The Grizzlies and Z-Bo in particular have stormed back. After averaging 13 and six in Games 1 and 2, Randolph has averaged 25 and 10 over the past three. Memphis lost those first two games. It has won the past three. On Thursday, it can clinch the series at home.
So perhaps we'll put the brakes on discussing Z-Bo's future. Because all of a sudden the questions are trained on Los Angeles.
For the third straight game, L.A.'s top-10 defense was pummeled by a Memphis offense that often has trouble scoring. Z-Bo's been at the center of that. At the same time, L.A.'s typically lovely offense has struggled since Game 1 to get off the ground against the league's best defense. In Game 1 the Clippers had an offensive rating of 134, which is phenomenal against any opponent, let alone one as defensively stout as Memphis. Since then? 103, 96, 96, 107. You can win games at 103 and 107 ... but not at 96 and not when you're letting the Grizz score as easily as they did Tuesday.
It's impossible to watch a team with this much offensive talent struggle to score without thinking about Vinny Del Negro, as easy and cheap as it might feel. Likewise, it's impossible to watch the Clippers slow Z-Bo for two games, take command of the series and then watch him go nuts for three games without wondering when the adjustments are coming. The broadcast team talked about Del Negro planning to front Randolph more to keep him off the offensive glass, where he gets a lot of clean-up buckets. He had five offensive rebounds in Game 5. Memphis picked up a third of all offensive rebound opportunities as a team, which is on the high end. The adjustment didn't work.
At times this season, the Clippers looked legitimately great. Chris Paul is a wizard, and he was in command much of Tuesday. When CP3 and Blake Griffin are on, that's an unstoppable pick and roll. But the Grizzlies have stopped it, and now Blake's hurt and might not play in Game 6. In Memphis. Where the Grizzlies are 2-0 this series and 16-1 since early February.
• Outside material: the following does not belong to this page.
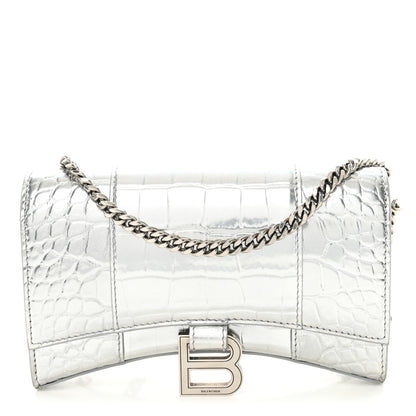 Balenciaga Metallic Calfskin Crocodile Embossed Hourglass Chain Bag Silver 1 of 9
If L.A. loses this, can both CP3 and VDN hang around? Remember, Paul is a free agent this summer, too. It would have seemed improbable that he'd leave the Clippers after turning around the franchise over two years. But losing in the first round would be a distinct step backwards. It's hard to imagine Del Negro surviving a first-round loss, even given the fact that the decision-making process in L.A. is strange, mysterious and possibly ruled via Ouija board. (The headline of the press release announcing that Gary Sacks was basically the new GM of the team last offseason read "Gary Sacks assumes role of Clippers VP of basketball operations." Assumes role? Like, did he inherit it? Was it a coup? Is he just assuming he's in charge because everyone else left for a pack of smokes and didn't come back?)
So if Del Negro gets canned, how do the Clippers cater to CP3 and convince him to stay? L.A. can offer a longer, more lucrative contract, but it also offers Donald Sterling and a distinct stench of Clipperdom. Does Sacks have the power, comfort and ability to go out and land a high-profile coach like Stan Van Gundy? Will someone like that -- a guy who can basically have his pick of the available jobs -- commit to L.A. without knowing if CP3 will be back? It's a very uncomfortable situation, similar to the 2010 Cavaliers, who canned Mike Brown in an apparent attempt to keep LeBron, and hired a coach in Byron Scott who thought he'd have LeBron for 2011 and instead had Mo Williams and later Baron Davis.
There's really no middle ground if the Clippers lose this series. VDN can't stay, and CP3 might flee. My, how the series has changed.